All framed compositions are fascinating and sumptuous to our eyes. Parajanov’s color palate is awash in life as we watch vignettes of Sayat Nova’s life stages. It is a chronicle without words, a chronicle of living still life frames, with living elements in stasis. The juxtaposition of movement and still camera is effective because we are continually mesmerized by the contrast as we wait and see what will happen, as we do in life.
Parajanov’s cinematic artistry was nearly lost to us. The brilliant director was scorned and demeaned for this most incredible of his works by Soviet authorities who banned the original work, Sayat Nova and re-edited and re-named it The Color of Pomegranate. The director was too much of an iconoclast for the Soviet government who wanted to prevent his “type” of art, which didn’t conform to the standards of Soviet cinema. Eventually, he went from blacklisting to a 5 year sentence of hard labor in the Siberian Gulag in 1973 on trumped up charges. When he got out, he was prevented from pursuing his beloved cinematic art until the political situation softened and he was able to make the multi-award winning The Legend of Suram Fortress in 1984, after Georgian intellectuals extensively petitioned the government.

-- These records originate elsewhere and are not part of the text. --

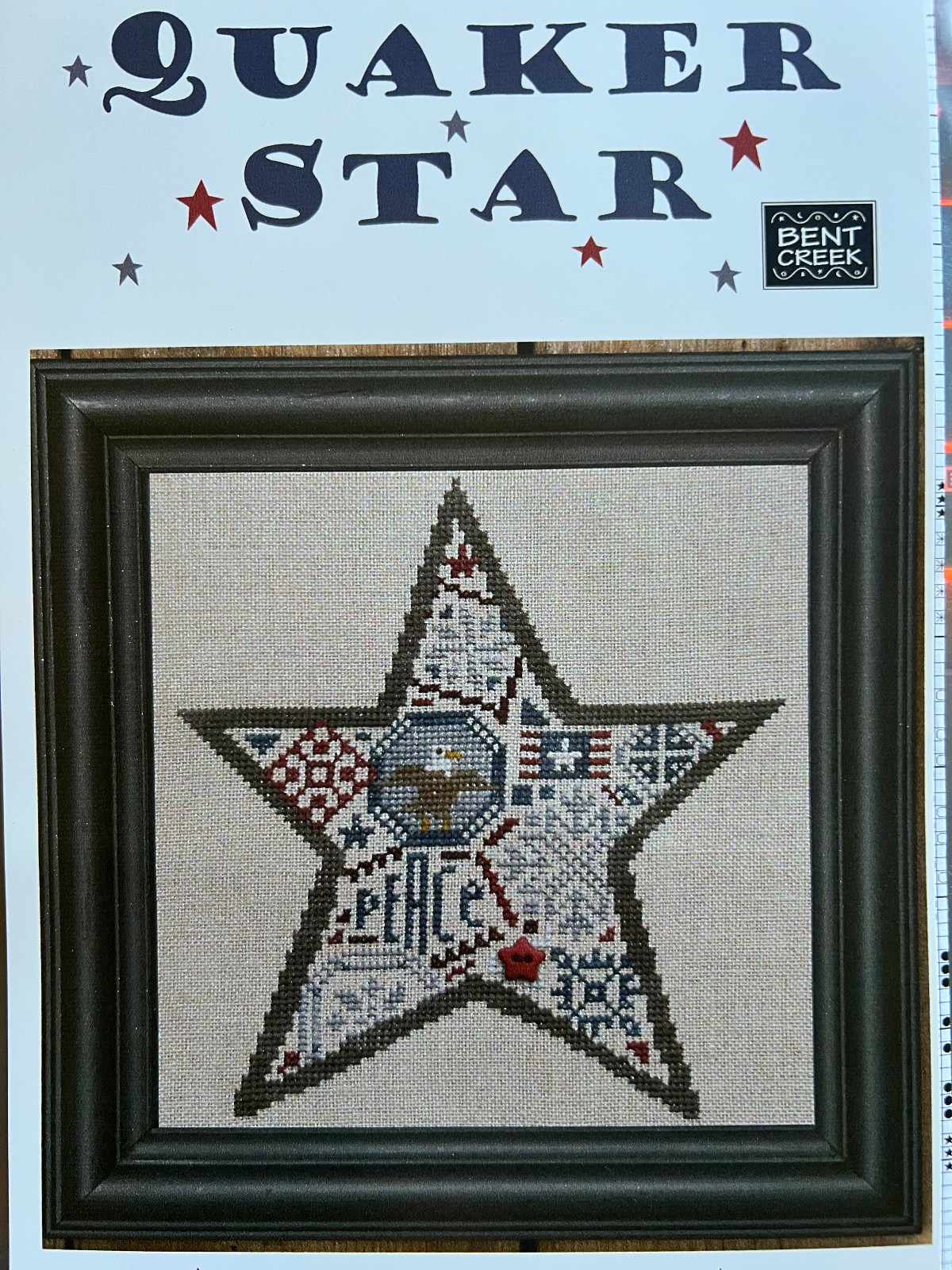 Bent Creek-Quaker Star chart & Button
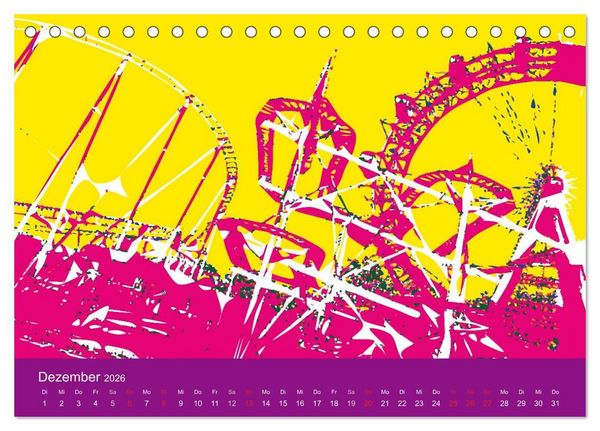 Produktbild: WIEN popartig (Tischkalender 2026 DIN A5 quer), CALVENDO Monatskalender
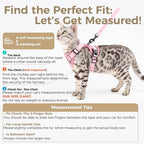 Cat Harness and Leash Set Escape Proof Tactical Medium Kitten Harness Emotional - Image 2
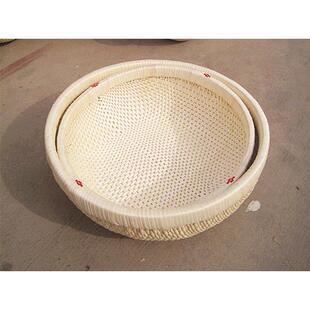 藤篮馒头针线活水果天然柳条篮储物蓝色婚礼手工环保柳条篮可水洗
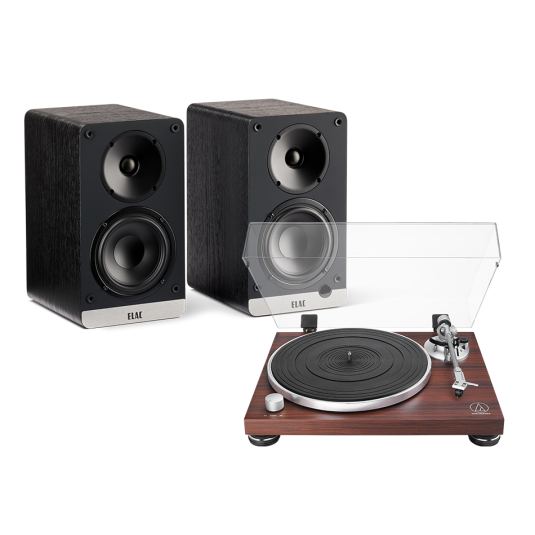 פטיפון Audio Technica AT-LPW50BTRW + Elac Connex DCB41
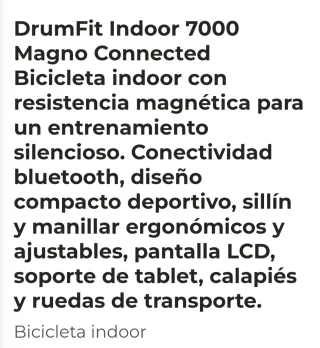 Bici Cecotec Drumfit Indoor 7000 Magno Connected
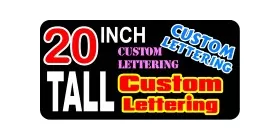 z2 Custom Lettering 20 Inch Tall Decal / Sticker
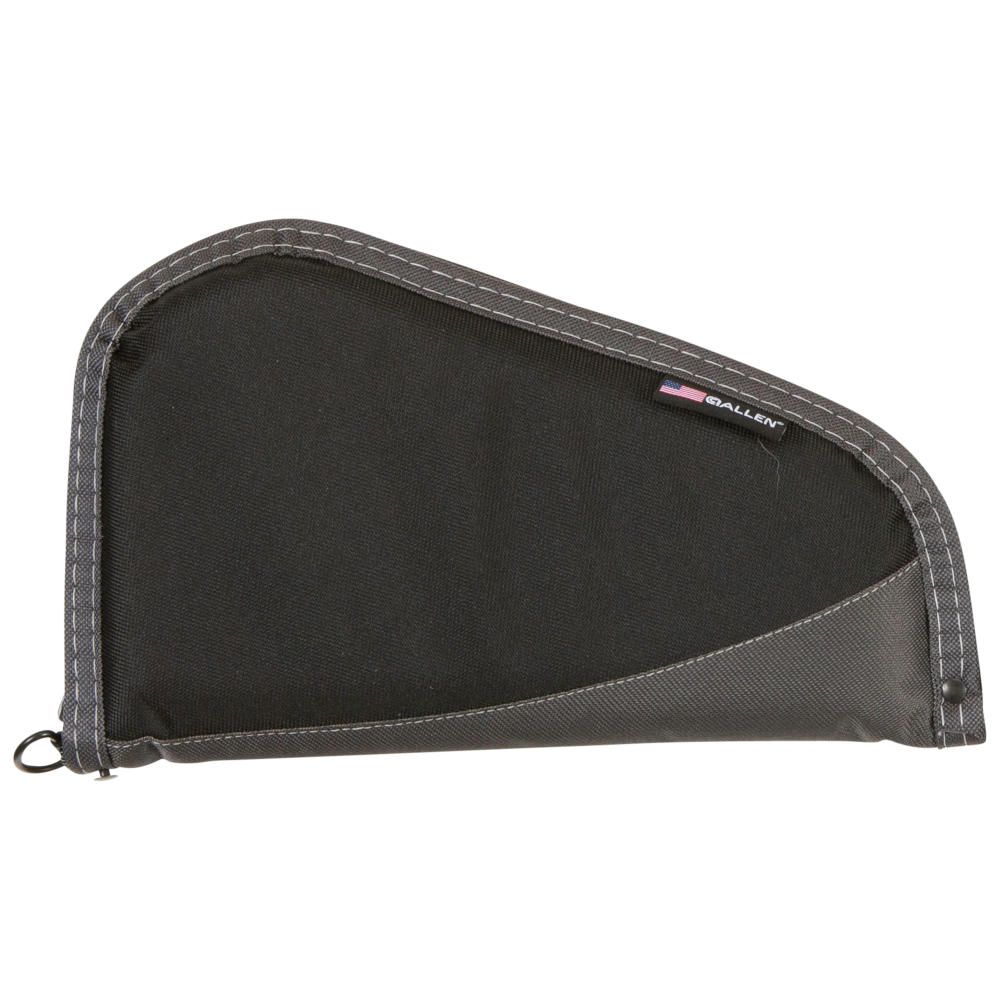 LS-444-8 Allen Company 8 inch Deluxe Lockable Handgun Case - Black-Gray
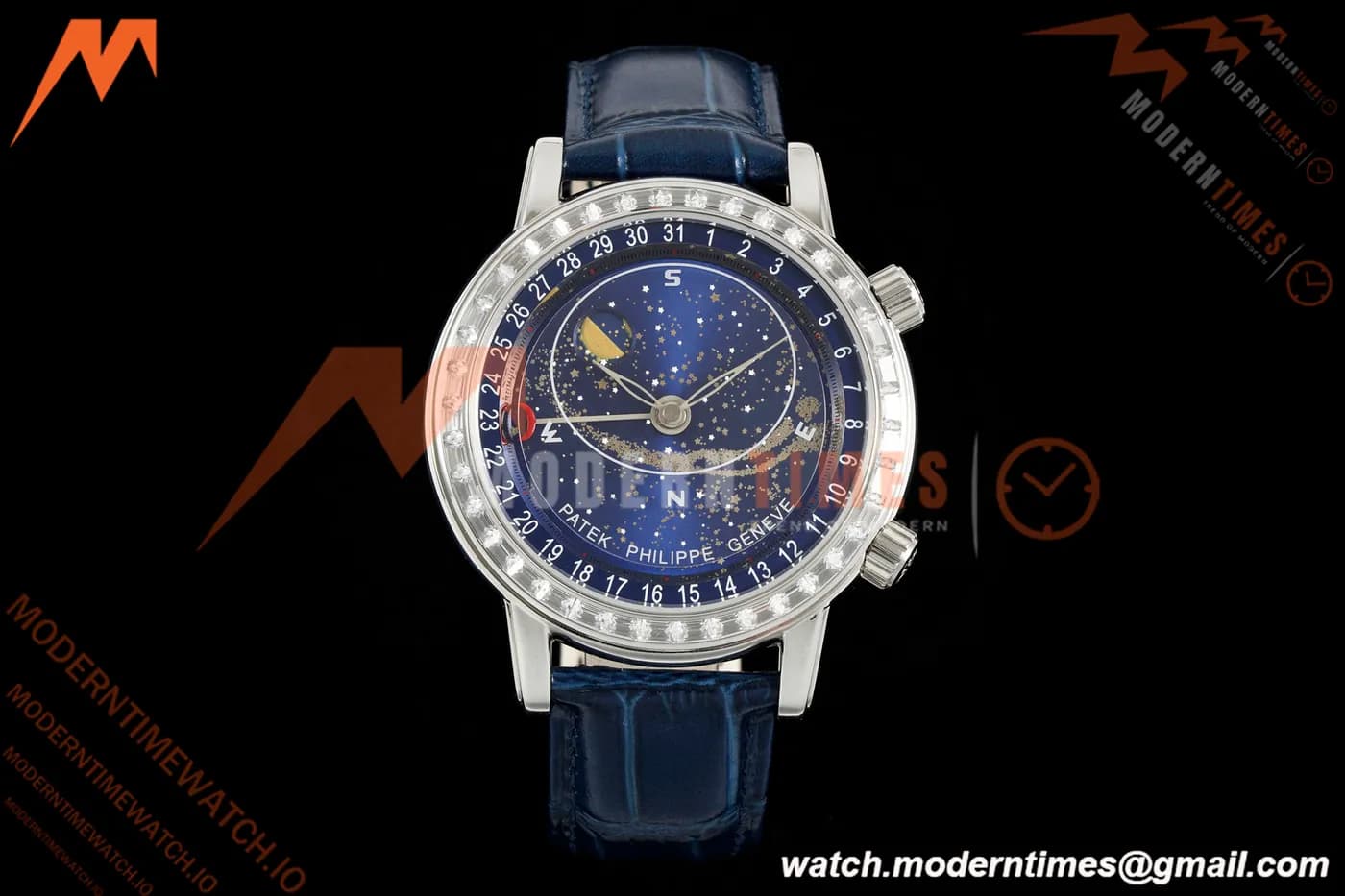 Patek Philippe - Grand Complications 6104G 44mm Celestial Blue SS/LE Dia/Num MY9015 Mod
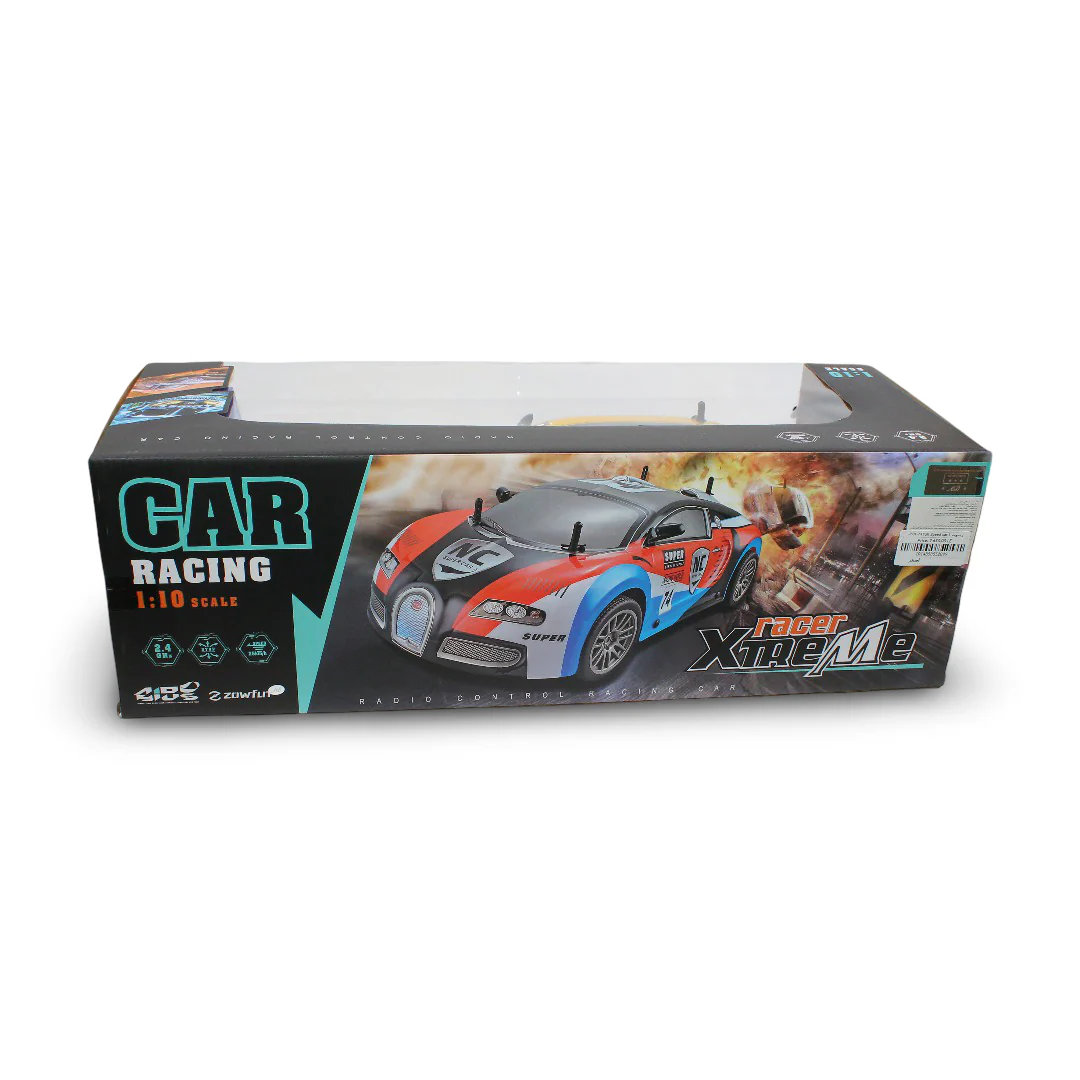 GTR High-Speed Four-Way Remote Control Car – Rechargeable RC Car (Yellow) - Image 2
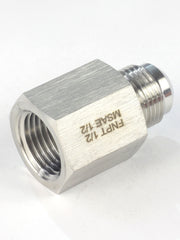 Load image into Gallery viewer, Female NPT to Male SAE Reducer Adapter - Multiple Sizes Stainless Steel 304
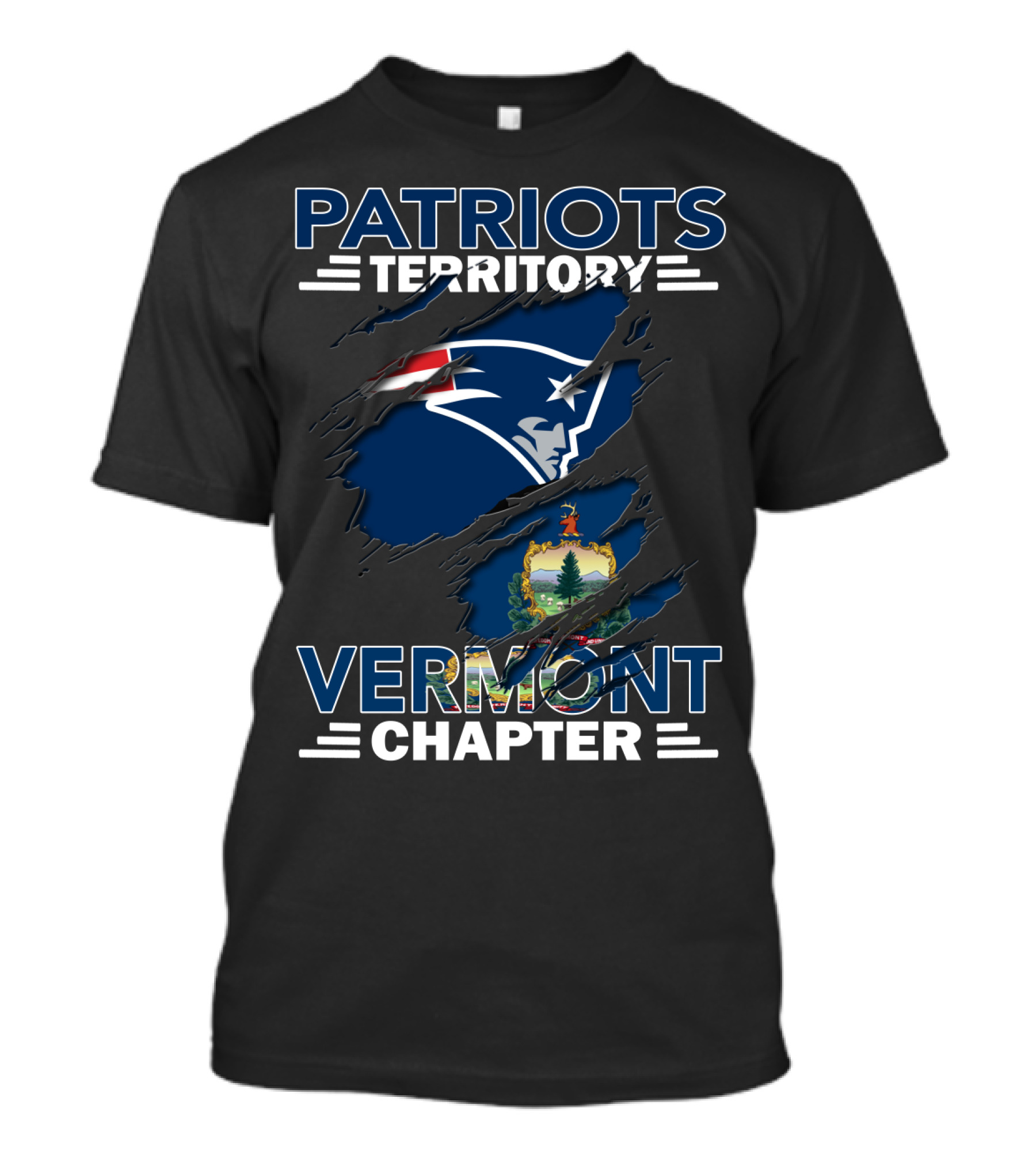 Patriots Territory Vermont Chapter New England Football Fan Community T-Shirt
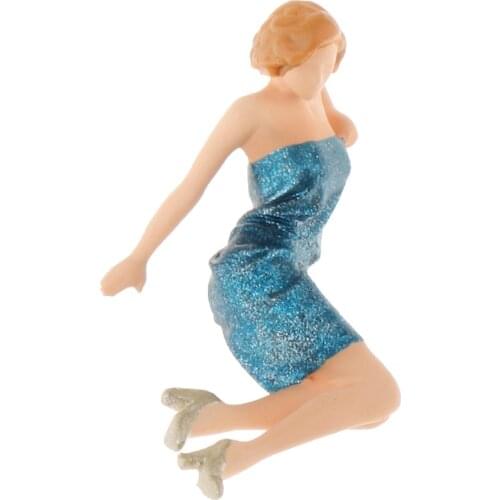 1:64 Scale Model People Miniature Decoration Accessories, Resin Men Figures Diorama Action Figure Model for Display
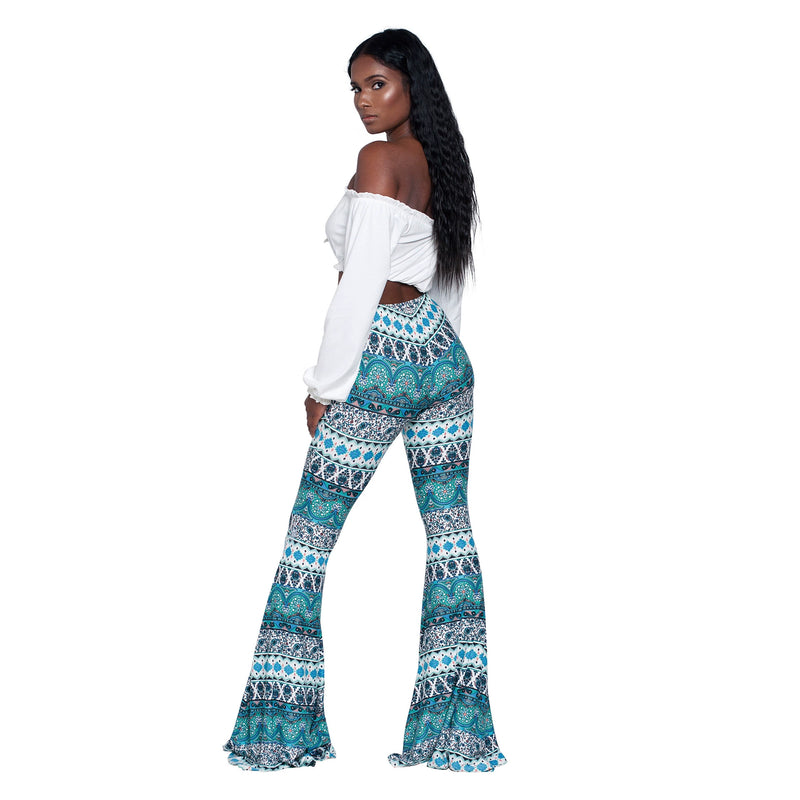 Print Casual Flare Pants GXYF 2192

Not only is this film a historical edification of the Armenian culture and particularly one of its greatest poets, Sayat Nova, it is also an expression of how cinema can be innovative, breaking every rule filmmakers use by overthrowing assumptions about how to tell a story or capture the audience’s attention and interest. Parajanov understood that cinema should be a delight to the eye, and ear and that silence with action was as gripping as dialogue and action which distracts the audience into using three modalities. For these reasons and others he excluded dialogue (most probably for political reasons as well, for the dialogue would have been Armenian or Georgian). Nevertheless, his work is rightly credited a work of genius in its innovative cinematic artistry, beauty, and power.